Bob reports, “In the short term prices will continue to go up another 25 cents per gallon between now and middle of August. After Labor Day prices will ebb down slowly and by Thanksgiving go back down to about where they were last year at the same time.”
He tells us, “This past spring brought forth a renewal for oil refinery profits. This was in the form of increased demand for gasoline after dismal first quarter results in 2009. And now the oil companies are looking forward to those summer breezes peeking just around the corner. Prices have fluctuated, but expect them to be on the rise, even though the price of crude has dropped. The reason is blowing in the wind… In this case the oil companies are stocking up in case those summer breezes change into hurricanes.”

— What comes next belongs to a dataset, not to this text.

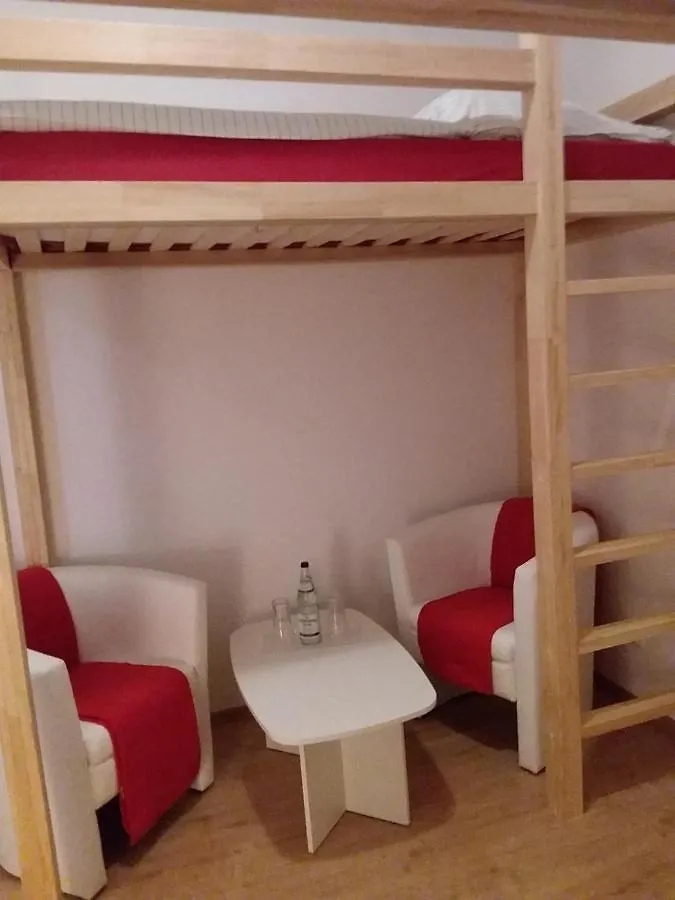 Albergue Living In The Box Berlín 0*,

So be prepared. And to help here are TEN WAYS to help cut those high summer fuel costs for your company:
1. Train and educate your drivers: It starts with the people who have their foot on the gas pedal. Your drivers can control fuel consumption each time they fire up their engines, and proper training can improve fuel efficiency, economy and emissions. Hard acceleration, speeding and idling are the biggest causes of fuel waste. Initiate a training course for drivers and reward participation.

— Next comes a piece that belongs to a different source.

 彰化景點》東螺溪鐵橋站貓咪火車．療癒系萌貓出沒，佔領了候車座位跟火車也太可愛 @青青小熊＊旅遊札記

2. Decrease Idling: Be aware of the time engines idle. We can’t leave machinery and equipment running all day long. Stop your engines! Excessive idling adds to your fuel costs by as much as 50% and can shorten the life of engine oil by 75%, adding more costs. Initiate a campaign to reduce idling time and reward participants. Allowing an engine to idle more than 3 minutes causes expensive damage which harms efficiency, shortens engine life and increases maintenance costs. It all adds up.
3. Start off slower: This is another lesson your drivers must be taught. Jackrabbit starts waste fuel and save less than 3 minutes per hour driving, but can result in using 40% more fuel and increase toxic emissions by 400%! What’s the rush? Ease up on the gas pedal and your efficiencies will improve.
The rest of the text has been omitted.